◆ WHAT YOU ARE ASKED TO DO ◆
Repeat the records below exactly from the line containing "Item preview, Fabriciana" to the line containing "If Hashira Would", taking in both of those lines. Drop the pictures.

◆ DATA EXTRACTS ◆
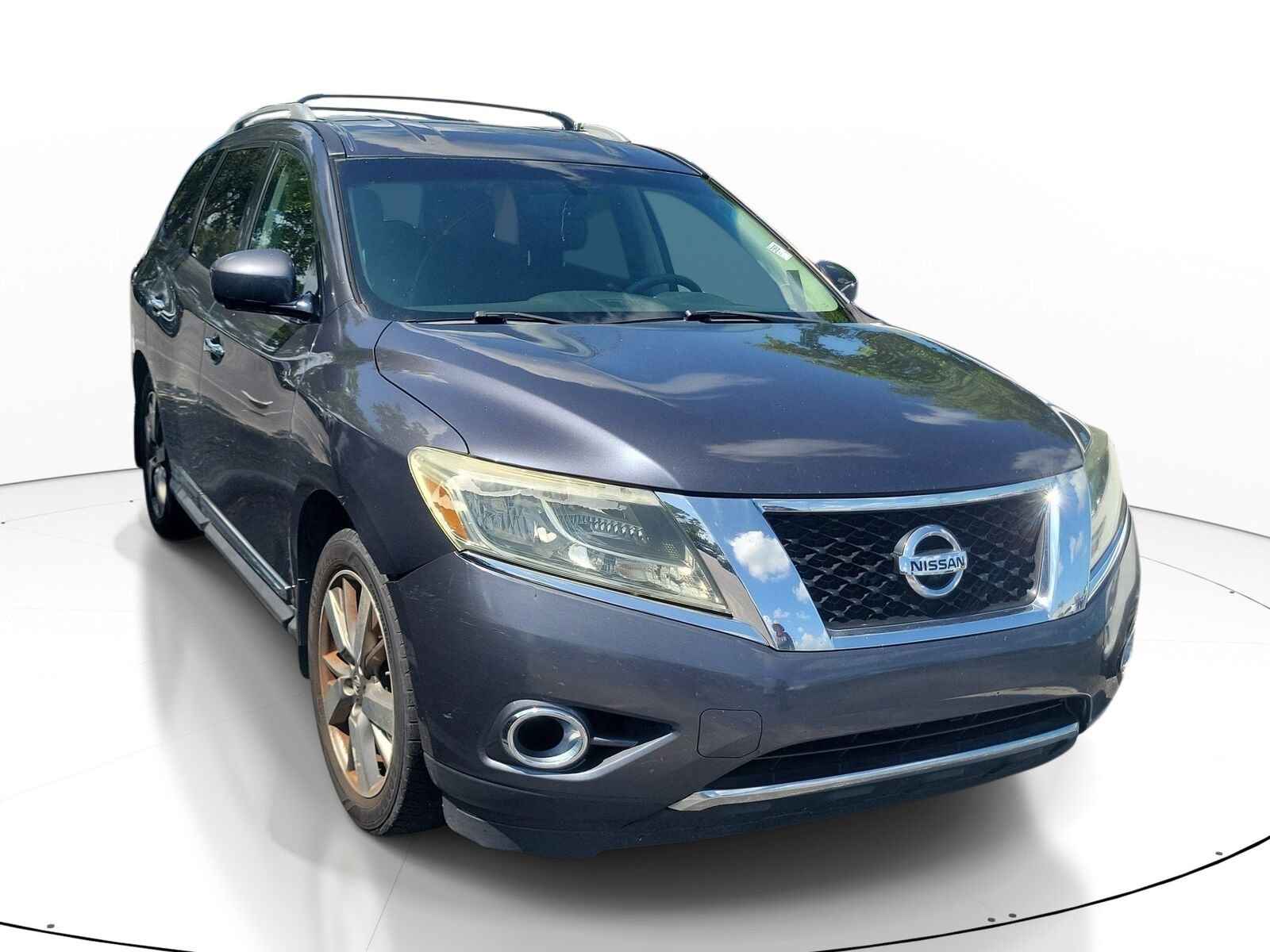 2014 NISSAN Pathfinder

...

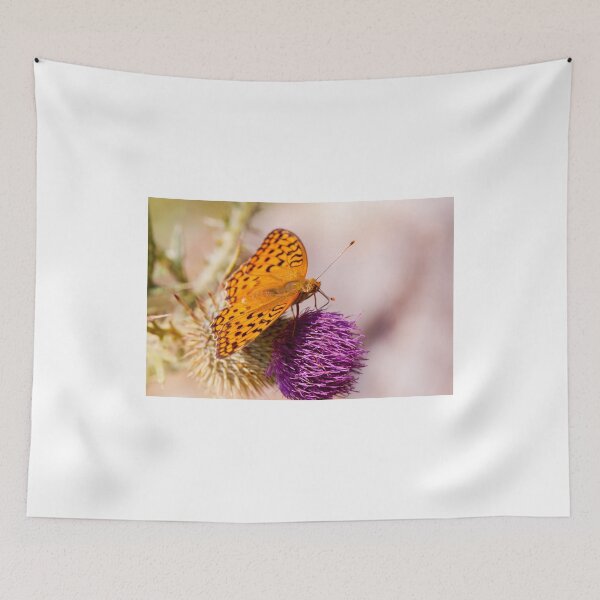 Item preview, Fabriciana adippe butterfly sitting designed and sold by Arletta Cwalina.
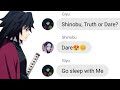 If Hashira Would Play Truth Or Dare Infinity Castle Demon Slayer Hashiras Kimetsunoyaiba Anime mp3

==

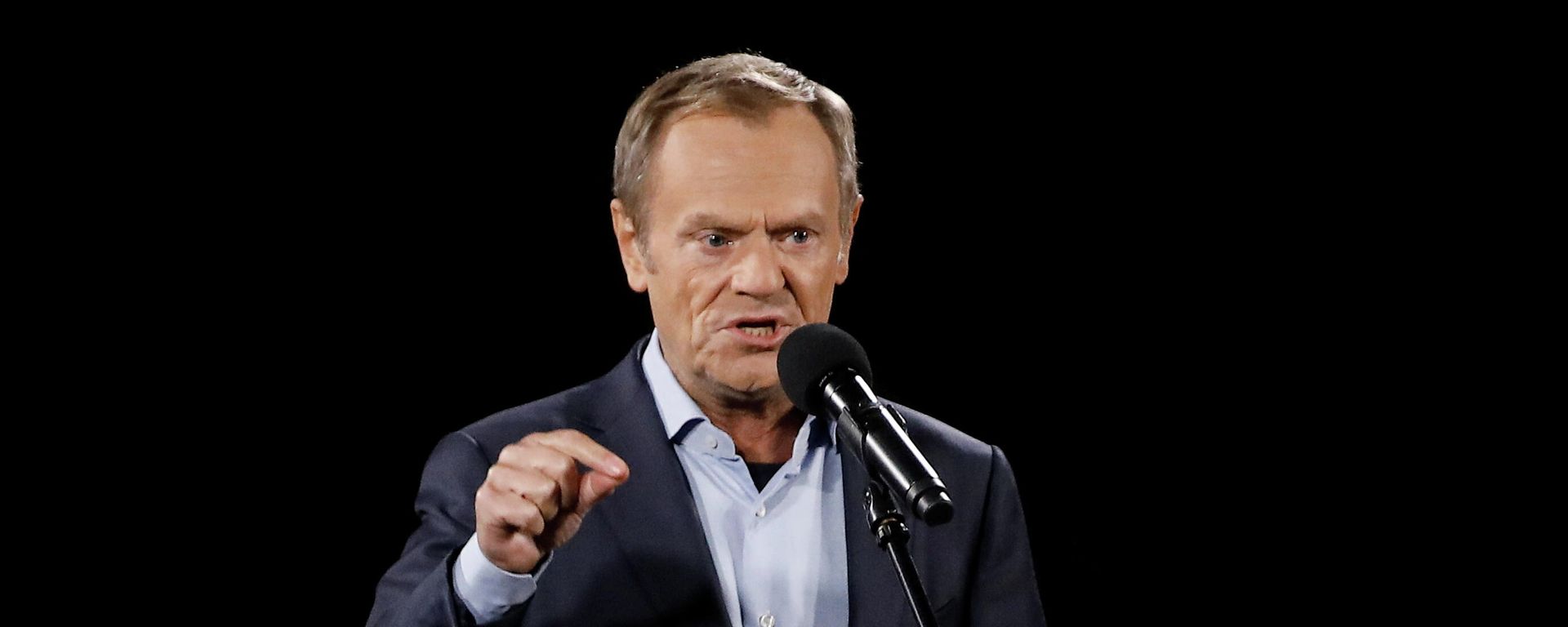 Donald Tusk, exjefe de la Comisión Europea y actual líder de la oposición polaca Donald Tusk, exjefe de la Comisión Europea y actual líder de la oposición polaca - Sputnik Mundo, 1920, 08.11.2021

◆ RESPONSE TO THIS TASK ◆
 Item preview, Fabriciana adippe butterfly sitting designed and sold by Arletta Cwalina.
 If Hashira Would Play Truth Or Dare Infinity Castle Demon Slayer Hashiras Kimetsunoyaiba Anime mp3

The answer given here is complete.